In the correctional setting, policies and procedures need to be developed and implemented regarding CBG monitoring that address the following.
* Infection control
* Education of staff and patients
* Proper choice of meter
* Disposal of testing lancets
* Quality control programs
* Access to health services
* Size of the blood sample
* Patient performance skills
* Documentation and interpretation of test results
* Availability of test results for the health care provider
* In the correctional setting, policies and procedures need to be developed and implemented to enable CBG monitoring to occur at the frequency necessitated by the individual patient’s glycemic control and diabetes regimen. (E)
* A1C should be checked every 3-6 months. (E)
Self-management education is the cornerstone of treatment for all people with diabetes. The health staff must advocate for patients to participate in self-management as much as possible. Individuals with diabetes who learn self-management skills and make lifestyle changes can more effectively manage their diabetes and avoid or delay complications associated with diabetes. In the development of a diabetes self-management education program in the correctional environment, the unique circumstances of the patient should be considered while still providing, to the greatest extent possible, the elements of the “National Standards for Diabetes Self-Management Education”. A staged approach may be used depending on the needs assessment and the length of incarceration.
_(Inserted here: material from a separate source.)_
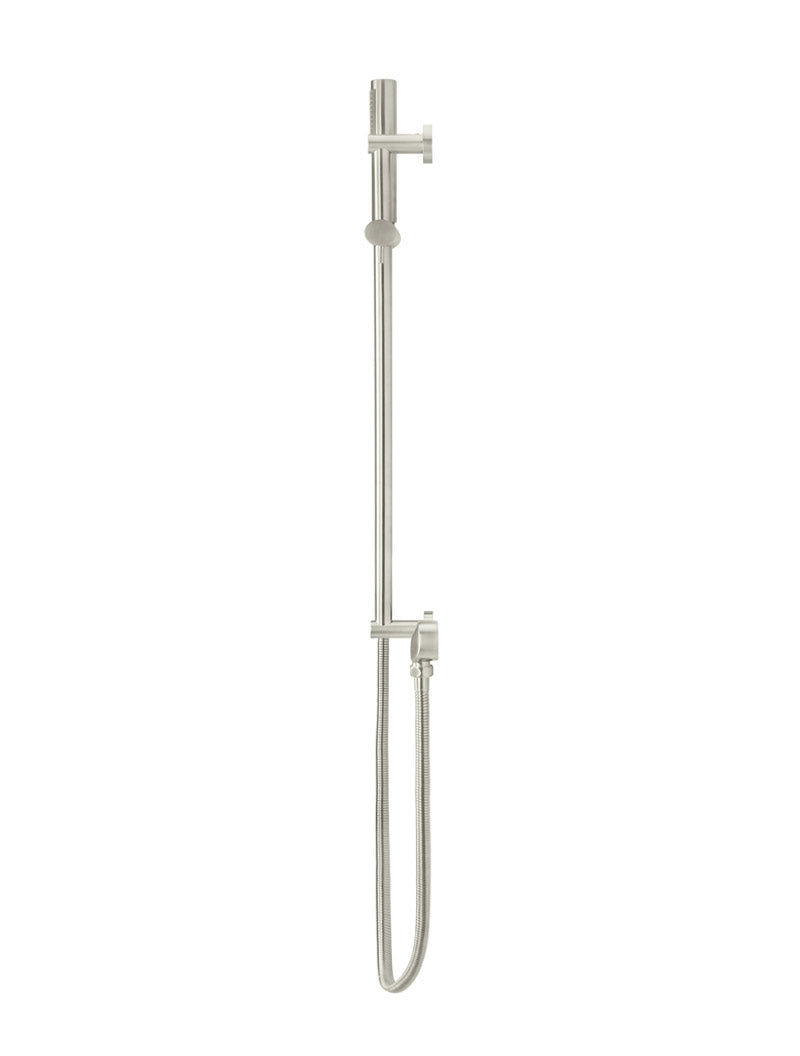 Round Hand Shower on Rail Column - PVD Brushed Nickel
Table 2 sets out the major components of diabetes self-management education. Survival skills should be addressed as soon as possible; other aspects of education may be provided as part of an ongoing education program.
Ideally, self-management education is coordinated by a certified diabetes educator who works with the facility to develop polices, procedures, and protocols to ensure that nationally recognized education guidelines are implemented. The educator is also able to identify patients who need diabetes self-management education, including an assessment of the patients- medical, social, and diabetes histories; diabetes knowledge, skills, and behaviors; and readiness to change.
Policies and procedures should be implemented to ensure that the health care staff has adequate knowledge and skills to direct the management and education of persons with diabetes. The health care staff needs to be involved in the development of the correctional officers- training program. The staff education program should be at a lay level. Training should be offered at least biannually, and the curriculum should cover the following:
* What is diabetes
* Signs and symptoms of diabetes
* Risk factors
* Signs and symptoms of, and emergency response to, hypo- and hyperglycemia
* Glucose monitoring
* Nutrition issues including timing of meals and access to snacks
Include diabetes in correctional staff education programs. (E)
ALCOHOL AND DRUGS
Patients with diabetes who are withdrawing from drugs and alcohol need special consideration. This issue particularly affects initial police custody and jails. At an intake facility, proper initial identification and assessment of these patients are critical. The presence of diabetes may complicate detoxification. Patients in need of complicated detoxification should be referred to a facility equipped to deal with high-risk detoxification. Patients with diabetes should be educated in the risks involved with smoking. All inmates should be advised not to smoke. Assistance in smoking cessation should be provided as practical.
TRANSFER AND DISCHARGE
Patients in jails may be housed for a short period of time before being transferred or released, and it is not unusual for patients in prison to be transferred within the system several times during their incarceration. One of the many challenges that health care providers face working in the correctional system is how to best collect and communicate important health care information in a timely manner when a patient is in initial police custody, is jailed short term, or is transferred from facility to facility. The importance of this communication becomes critical when the patient has a chronic illness such as diabetes.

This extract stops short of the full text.